My thoughts on computers, programming, ancient spell scrolls and other magic devices...: May 2012

Wednesday, May 30, 2012

Heterogeneous system administration issues

I know heterogeneous environments became popular lately, but hey - let's talk about the drawbacks of such systems. So for example let us visualise a process that is dependant on Windows, Linux and MacOS that run on three separate machines.

First of all each of these machines has to be properly configured (services, security, performance). System administrators are usually commited to a specific platform so setting up other configurations is more time consuming.

For example, it took me some time to get familiar with using Darwin's launchctl service management framework. Well all I wanted to do is run my task periodically... cron is a great and simple tool capable of achieving it... however all other services/tasks were configured via launchctl, for me writing a huge XML configuration file instead of a simple crontab entry is an overkill.

But anyway, lets us presuppose that this Mac enables it's HDD as a network drive available via SFTP and AFP. This hard drive contains data that needs to be processed by a dedicated piece of software that runs only on Windows... in case you found a fast way of solving this problem before I actually stated it: no you can't change that piece of software.

So the user responsible for processing the data mounts the SFTP shares and proceeds with his task. However the user also needs access to his own resources located in another location, which requires providing other credentials. It seems like Windows7 is not capable of keeping multiple SFTP sessions with a single machine (in fact it caches it, thus making it difficult to re-log again). Since we don't want to restart Windows every ten minutes (clear the system cache) let's keep Windows on a virtual machine that may be accessed by rdesktop.

We execute a python script responsible for preprocessing the data and starting the OS specific processing software:

#some data preprocessing
os.system('''<some operations> &&
<a full path to the`specific software`.exe>
<many parameters> %s ''' % a_long_list_of_arguments)

And what do we get:

> The input line is to long

I managed to google out that MS maximum command prompt length varies from 2047 to 8191 characters, depending on the OS version. Now this is hilarious...

After all these adventures I installed cygwin (a tool that makes Windows reassemble an operating system) on the virtual machine and configured the script to run under the linux-like environment (finally it worked).

So next time, remember: think twice (bah, thrice) before you intend to configure a sophisticated process on a heterogeneous environment :-)

~KR

Monday, May 28, 2012

Make websites recognise python/urllib as a webbrowser - (part 1: http headers)

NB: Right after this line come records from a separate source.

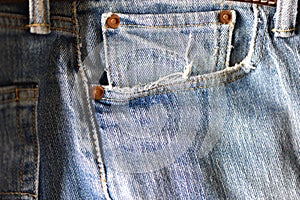 Old jeans. Tousled thread on the pocket of jeans. Shabby stuff.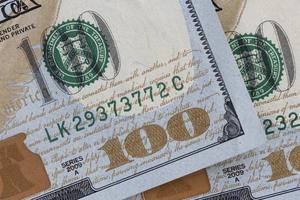close up of one hundred dollars banknotes photo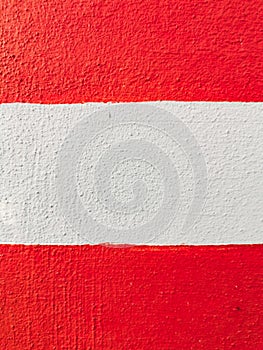 Close up concrete wall on white and red colour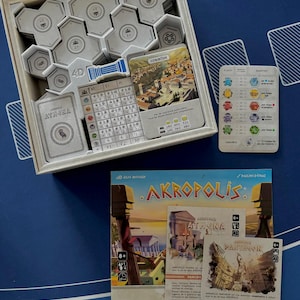 Peut inclure: Jeu de société "Akropolis" avec des pièces, des cartes et une boîte. La boîte contient des tuiles hexagonales grises et des cartes avec des illustrations et du texte. Les cartes de jeu comportent les mots "ATHENA" et "CORINTHE".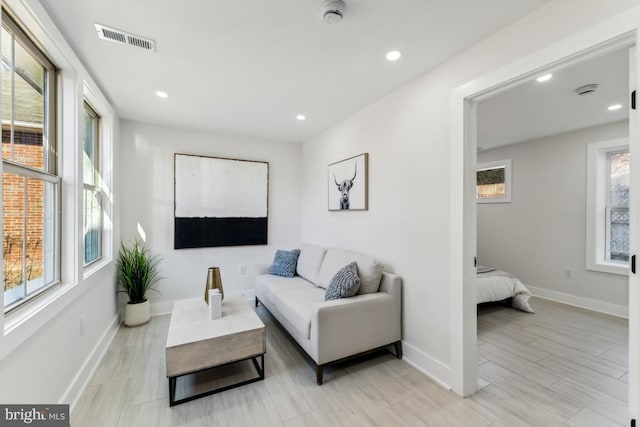 living area with a wealth of natural light, visible vents, and baseboards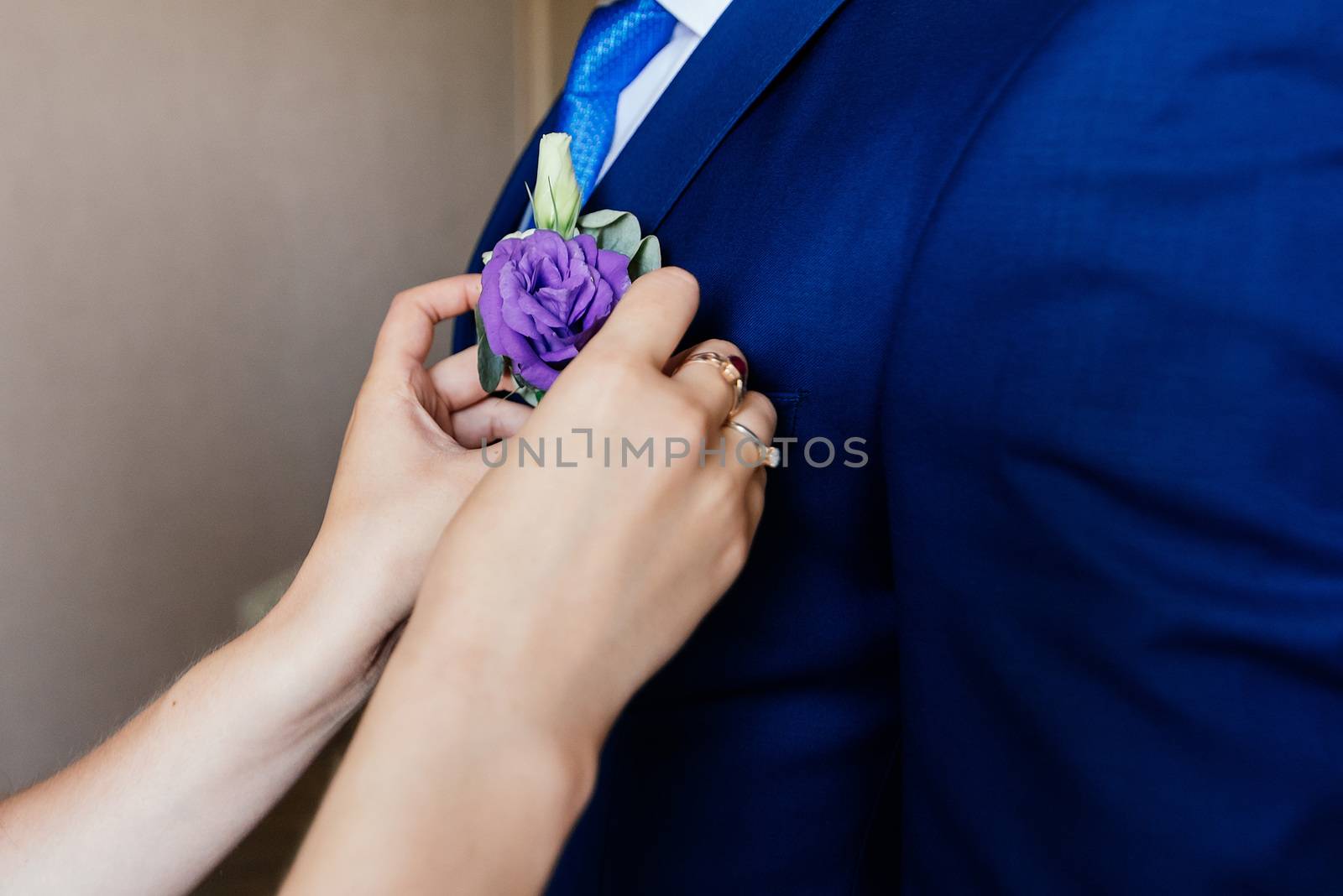 Woman inserting the boutonniere in buttonhole of man in suit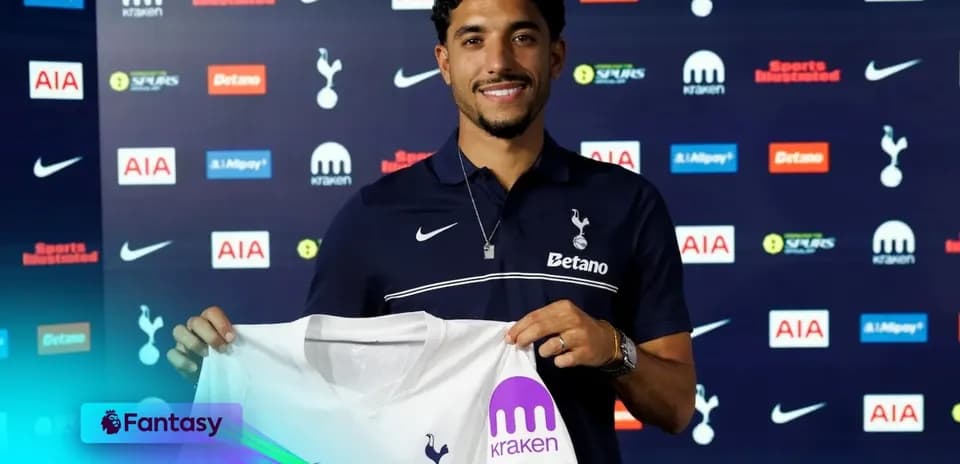 Player holding Tottenham Hotspur jersey at announcement event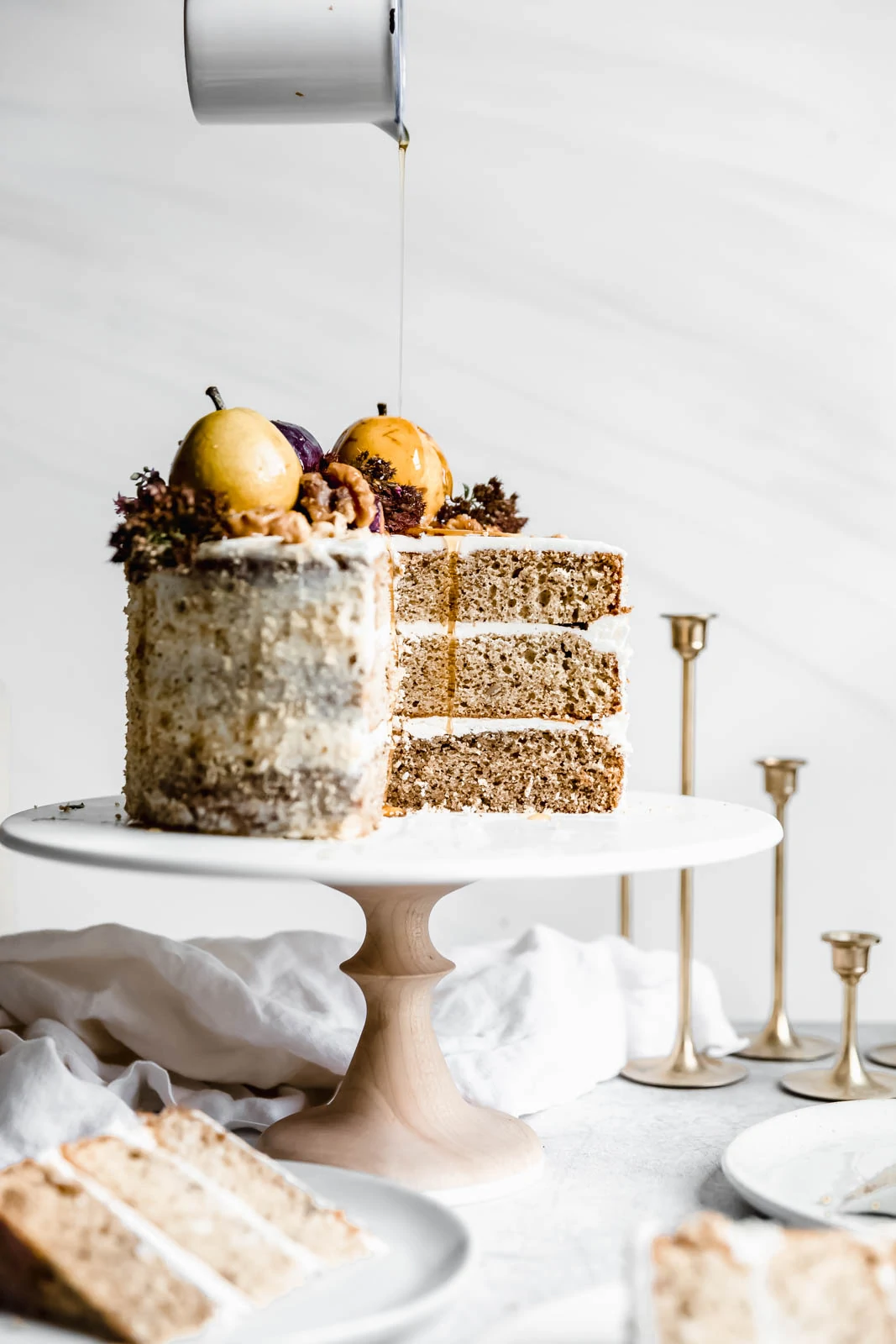 drizzling maple syrup on Maple Walnut Cake with Maple Frosting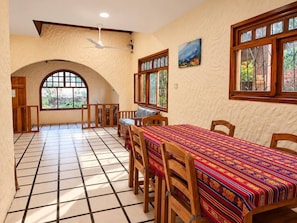 A dining area with a tiled floor, wooden furniture, and a large window with a view.
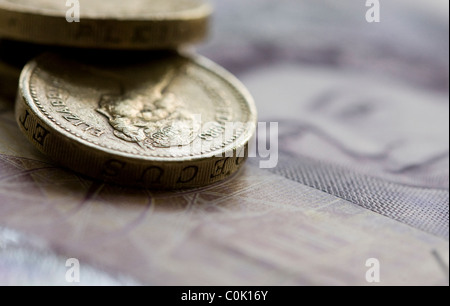 Venti sterline note e una libbra di monete sono impostati per una fotografia Foto Stock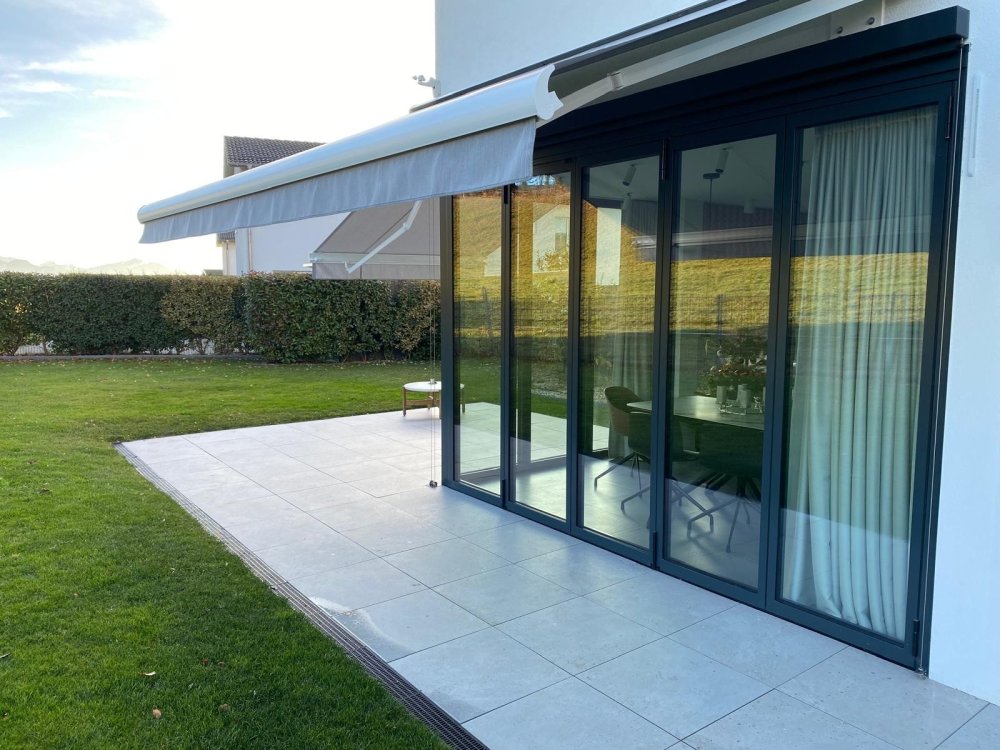 Splendide extension de pièce de vie réalisée grâce à une baie accordéon d’angle, offrant une ouverture maximale sur l’extérieur.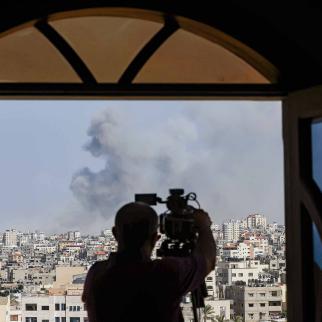 An AFPTV cameraman films while smoke plumes billow during Israeli air strikes in Gaza City on October 12, 2023 as raging battles between Israel and the Hamas movement continue for the sixth consecutive day. Thousands of people, both Israeli and Palestinians have died since October 7, 2023, after Palestinian Hamas militants based in the Gaza Strip, entered southern Israel in a surprise attack leading Israel to declare war on Hamas in Gaza on October 8.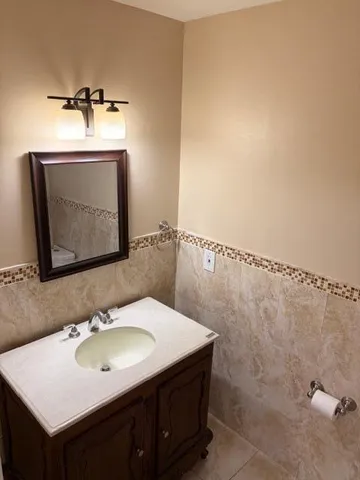 a bathroom with a sink vanity and a mirror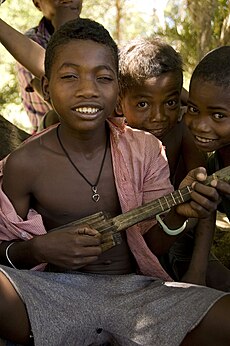 Malgas fiú kabosyn, egy mandolinhoz hasonló hangszeren játszik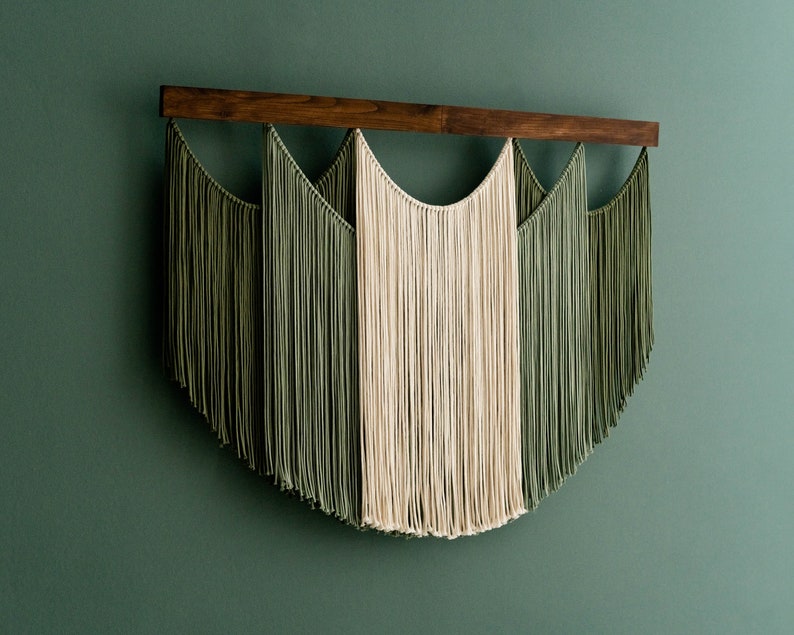 May include: A macrame wall hanging featuring a dark wooden rod and cascading strands of olive green and cream-colored cotton. The design has a symmetrical, arched shape, creating a modern, textured wall decor piece.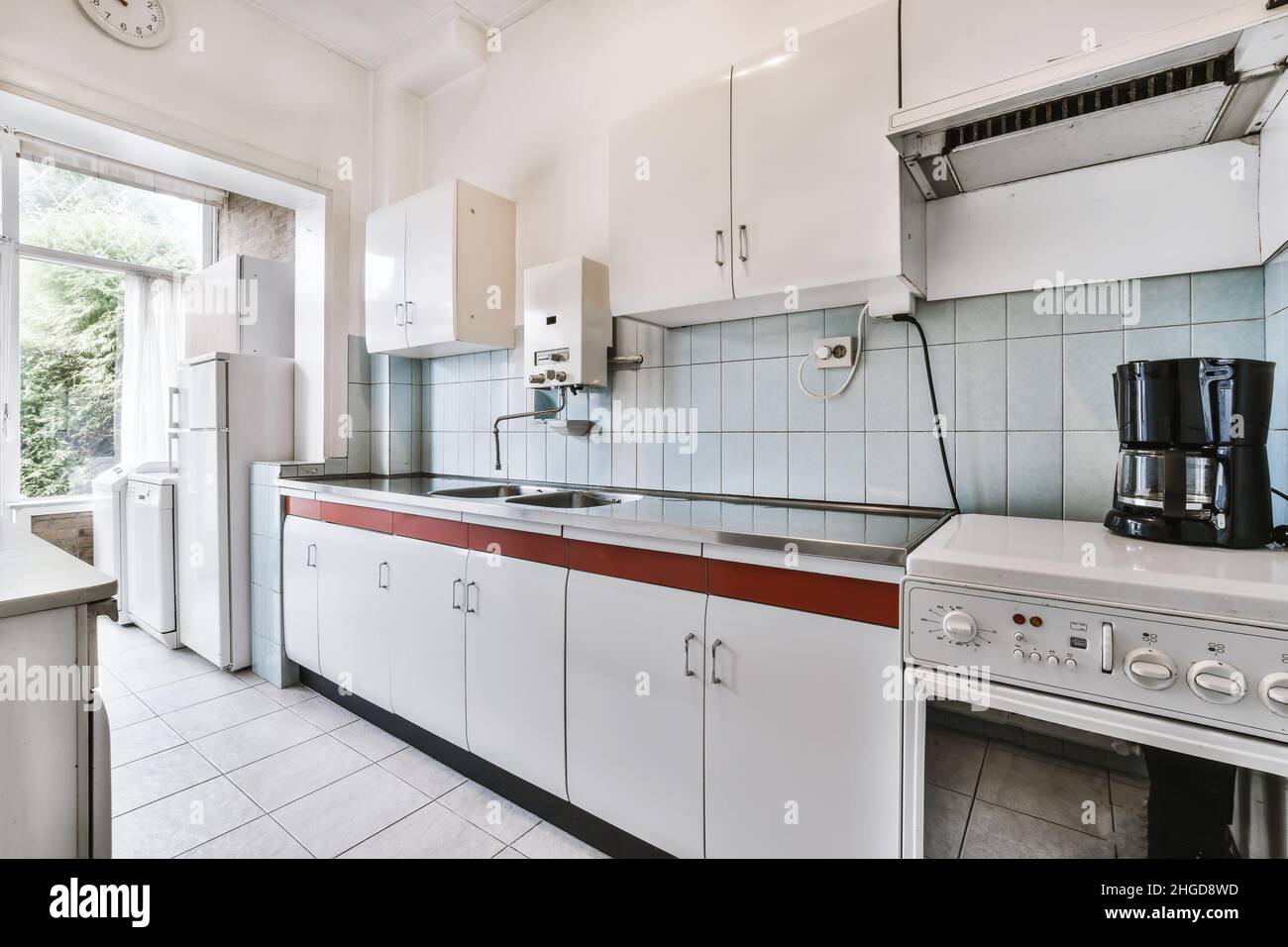 Tolle Küche mit Fliesenboden und weißem Küchenset Stockfoto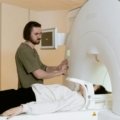 Traveling radiology technician operating medical imaging equipment in a hospital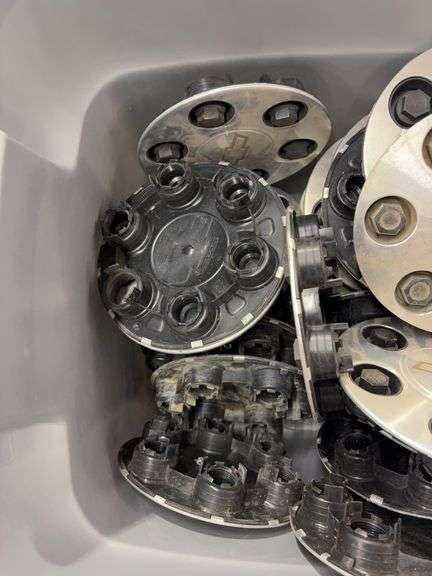 Tote of Chevy hub caps and parts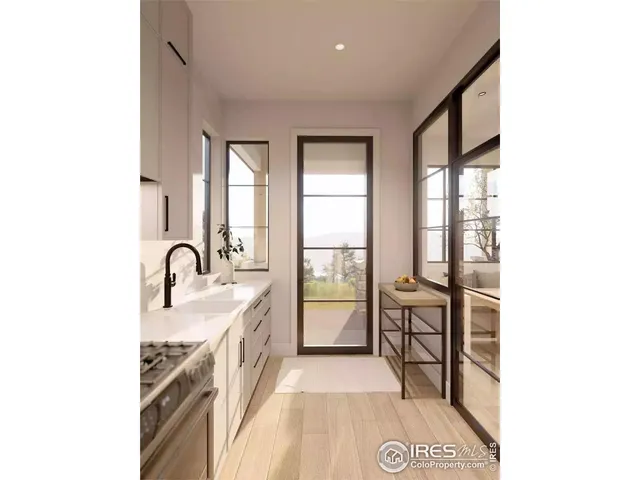 a spacious bathroom with a granite countertop sink and a bathtub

Today I want to share some of my expirience regarding web crawlers and web robots / bots. Having access to high level http client libraries (like urllib/urrllib2) and basic HTTP protocol knowledge it is easy to implement such a program in a relatively short time. You don't have to respect robots.txt (in most cases, especially regarding web crawling you should!), although a web application may still detect that your script is not a web browser. What if you actually want to pretend that your script is a web browser?

Let's write a simple program that requests some resource on localhost via HTTP protocol:

1 import urllib2
2
3 req = urllib2.Request("http://127.0.0.1:3333/")
4 urllib2.urlopen(req)

Now make netcat listen on port 3333:

~ netcat -l 3333

... and execute your script. Netcat captures the following data (it may differ from your output, but will be simillar in general):

GET / HTTP/1.1
Accept-Encoding: identity
Host: 127.0.0.1:3333
Connection: close
User-Agent: Python-urllib/2.7

Let's reenact this experiment, but instead of using the presented python script, open a web browser and navigate to http://127.0.0.1:3333/ .

This time the output generated by netcat looks lilke this:

GET / HTTP/1.1
Host: 127.0.0.1:3333
User-Agent: Mozilla/5.0 (X11; U; Linux i686; en-US; rv:1.9.2.24) Gecko/20111107 Linux Mint/9 (Isadora) Firefox/3.6.24
Accept: text/html,application/xhtml+xml,application/xml;q=0.9,*/*;q=0.8
Accept-Language: pl,en;q=0.7,en-us;q=0.3
Accept-Encoding: gzip,deflate
Accept-Charset: ISO-8859-2,utf-8;q=0.7,*;q=0.7
Keep-Alive: 115
Connection: keep-alive

The output may differ depending on your OS and browser version. Some headers may be manually configured in your browser aswell (accepted charsets, language etc.). The header that is usually used to identify the requesting client (browser, bot, crawler) is User-Agent. A way to cheat web applications into thinking that your script is to provide a User-Agent header extracted from a real web browser. You can achieve this as follows:

1 import urllib2
2
3 headers = {
4 "User-Agent" : "Mozilla/5.0 (X11; U; Linux i686; " + \
5 "en-US; rv:1.9.2.24) Gecko/20111107 " + \
6 "Linux Mint/9 (Isadora) Firefox/3.6.24",
7 }
8
9 req = urllib2.Request("http://127.0.0.1:3333/", headers=headers)
10 urllib2.urlopen(req)

You may also include other headers - the more the better (so the request looks just like the one from FireFox). However, keep in mind that some headers may have an impact on the recieved content, for example: if you specify the Accept-Encoding header as follows: Accept-Encoding: gzip,deflate you shouldn't be suprised if the server servses you gzip compressed data. More information about http headers can be found in RFC-2616.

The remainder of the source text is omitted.